When the molten metal flows into the small gap between screw flights and the barrel (55), it is vigorously sheared (shear rate ±200/sec) and rapidly cooled, with an appropriate amount of latent heat being removed by the cooling medium circulating in the cooling tubes (51). The material becomes semi-solid with fine spherical crystals. Since the coolant temperature is always below the preferred material temperature, the heating elements are controlled to compensate the excessive amount of heat removal and maintain the required material temperature. The apparatus is-designed such that the screw will rotate without retraction in the "blend" mode, when a shearing force is applied to the material as it is cooled.
The temperature control in the barrel and nozzle is one of the most critical factors in the rheomolding process because when the temperature changes by 1° C. in the rheomolding of the Sn-15% Pb alloy with solid weight fraction (fs) in the range of 0.3-0.5, the solid fraction will change by 3.2 to 9.9%. Therefore, temperature control with accuracy of +0.5° C. or smaller is essential in the rheomolding machine design.
FIG. 9 shows the temperature curve for the shearing/cooling zone, as it is set for the Sn-15% Pb alloy used in the example, with a solid fraction (fs) of around 0.3 to 0.4. At the hopper outlet (90), where the molten metal flows into the shearing/cooling zone, the metal is at 225° C., above the liquidus temperature of the alloy (211° C.). As the material flows downward along the screw, through (91) it cools below the liquidus temperature at (92), and continues to cool through (93) and (94). The nozzle (95) is heated slightly above liquidus to avoid plugging, and the mold area (96) is once again below liquidus, as the material solidifies in the mold.
The screw rotates and retracts in the "load" step (62), when the prepared SSM of the prescribed shot size is pushed forward toward the accumulation zone in front of the screw (31). Since the viscosity of molten or semi-solid metals is several orders lower than molten polymers, a simple but effective design of a spring-loaded shut-off nozzle (see FIG. 4) is used to block the material from flowing out of the nozzle (due to gravity) during barrel loading in the vertical machine.

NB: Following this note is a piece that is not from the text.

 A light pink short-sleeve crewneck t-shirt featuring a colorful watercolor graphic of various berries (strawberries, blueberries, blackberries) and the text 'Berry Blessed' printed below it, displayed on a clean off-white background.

In the final step (4), the screw is quickly pushed downward by the hydraulic ram to open the spring-loaded valve in the nozzle and inject the material into the mold. The non-return valve at the end of the screw keeps the material from flowing upward past the screw.
The preliminary experimental results show that the method and apparatus of the invention is effective and efficient in producing SSM samples. Since the charge material in the hopper is in the liquid state, the air mixed in the material can be minimized, especially with the protective gas injection.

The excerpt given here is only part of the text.